In the next entry (Jan. 18, 1908) of his diary Gusev says that Tolstoy quoted the words of an English writer "he who has a big mind needs an even bigger mind to control this mind:"

 

После завтрака Лев Николаевич сказал мне о новой книге И. Ф. Наживина «В долине скорби».
— У него везде видно автора, он все подсказывает читателю: вот этого надо осудить, над этим посмеяться, а читатель этого не любит, читатель любит сам разбираться.
Это же самое мнение Лев Николаевич повторил В. Г. Черткову и по этому поводу вспомнил изречение английского писателя: «У кого большой ум, тому надо еще больше ума, чтобы управлять этим умом». 

 

A chess genius, poor Luzhin goes mad because he cannot control his big mind.

 

In the darkest and mossiest corner of the dense coppice behind the garden little Luzhin buries his father's precious box of chessmen:

 

А рано утром, в густой роще за садом, в самом темном и мшистом углу, маленький Лужин зарыл ящик с отцовскими шахматами, полагая, что это самый простой способ избежать всяких осложнений, благо есть теперь другие фигуры, которыми можно открыто пользоваться. Его отец, не совладев с любопытством, отправился к угрюмому доктору, который играл в шахматы куда лучше его, и вечером, после обеда, смеясь и потирая руки, всеми силами стараясь скрыть от себя, что поступает нехорошо,- а почему нехорошо, сам не знает,- он усадил сына и доктора за плетеный стол на веранде, сам расставил фигуры, извиняясь за фиолетовую штучку, и, сев рядом, стал жадно следить за игрой. Шевеля густыми, врозь торчащими бровями, муча мясистый нос большим мохнатым кулаком, доктор долго думал над каждым ходом и порой откидывался, как будто издали лучше было видно, и делал большие глаза, и опять грузно нагибался, упираясь руками в колени. Он проиграл и так крякнул, что в ответ хрустнуло камышевое кресло. "Да, нет же, нет же,- воскликнул Лужин старший.- Надо так пойти, и все спасено,- у вас даже положение лучше". "Да я же под шахом стою",- басом сказал доктор и стал расставлять фигуры заново. И когда он вышел его провожать в темный сад до окаймленной светляками тропинки, спускавшейся к мосту; Лужин старший услышал те слова, которые так жаждал услышать, но теперь от этих слов было тяжело,- лучше бы он их не услышал.

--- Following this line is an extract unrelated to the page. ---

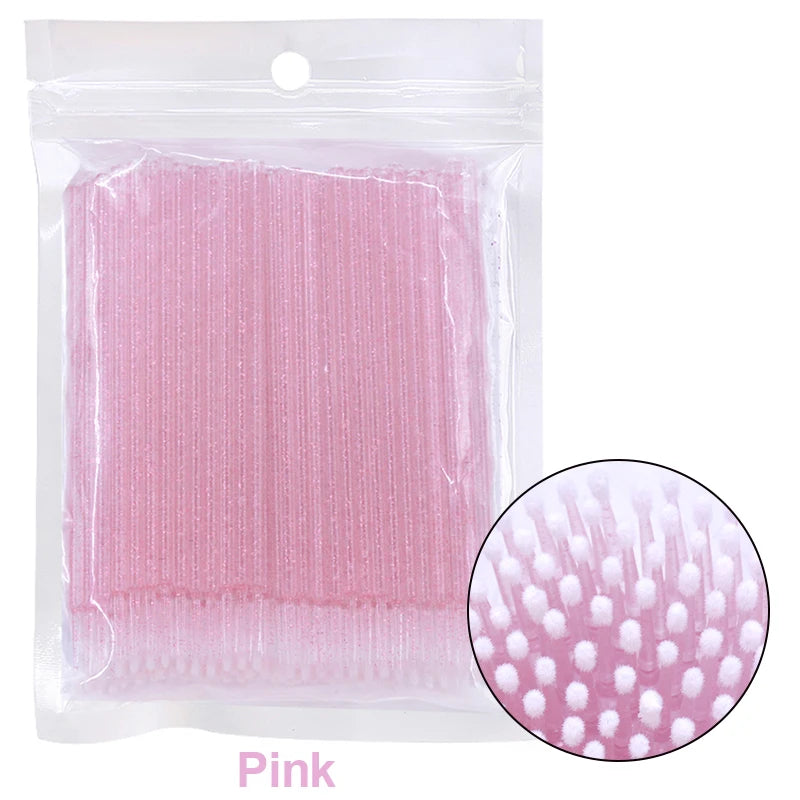 100pcs Eyelash Cleaning Brushes – Micro Cotton Swabs for Lash Extensions & Makeup Remover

Доктор стал бывать каждый вечер и, так как действительно играл очень хорошо, извлекал огромное удовольствие из непрекращавшихся поражений. Он принес учебник шахматной игры, посоветовал, однако, не слишком им увлекаться, не уставать, читать на вольном воздухе. Он рассказывал о больших мастерах, которых ему приходилось видеть, о недавнем турнире, а также о прошлом шахмат, о довольно фантастическом радже, о великом Филидоре, знавшем толк и в музыке. Иногда, с угрюмой улыбкой, он приносил то, что называл "гостинцем",- хитрую задачу, откуда-то вырезанную. Лужин, покорпев над ней, находил наконец решение и картаво восклицал, с необыкновенным выражением на лице, с блеском счастья в глазах: "Какая роскошь! Какая роскошь!" Но составлением задач он не увлекся, смутно чувствуя, что попусту в них растратилась бы та воинственная, напирающая, яркая сила, которую он в себе ощущал, когда доктор ударами мохнатого пальца все дальше и дальше убирал своего короля и, наконец, замирал, кивал головой, глядя на доску, меж тем, как отец, всегда присутствовавший, всегда жаждавший чуда,- поражения сына,- и пугавшийся, и радовавшийся, когда сын выигрывал, и страдавший от этой сложной смеси чувств,- хватал коня или ладью, говорил, что не все пропало, сам иногда доигрывал безнадежную партию.

 

And early next morning in the darkest and mossiest corner of the dense coppice behind the garden little Luzhin buried his father's precious box of chessmen, assuming this to be the simplest way of avoiding any kind of complications, for now there were other chessmen that he could use openly. His father, unable to suppress his interest in the matter, went off to see the gloomy country doctor, who was a far better chess player than he, and in the evening after dinner, laughing and rubbing his hands, doing his best to ignore the fact that all this was wrong--but why wrong he could not say--he sat his son down with the doctor at the wicker table on the veranda, himself set out the pieces (apologizing for the purple thingum), sat down beside the players and began avidly following the game. Twitching his bushy eyebrows and tormenting his fleshy nose with a large hairy fist, the doctor thought long over every move and from time to time would lean back in his chair as if able to see better from a distance, and make big eyes, and then lurch heavily forward, his hands braced against his knees. He lost--and grunted so loudly that his wicker armchair creaked in response. "But look, look!" exclaimed Luzhin senior. "You should go this way and everything is saved--you even have the better position." "Don't you see I'm in check?" growled the doctor in a bass voice and began to set out the pieces anew. And when Luzhin senior went out into the dark garden to accompany the doctor as far as the footpath with its border of glowworms leading down to the bridge, he heard the words he had so thirsted to hear once, but now these words weighed heavy upon him--he would rather not have heard them at all.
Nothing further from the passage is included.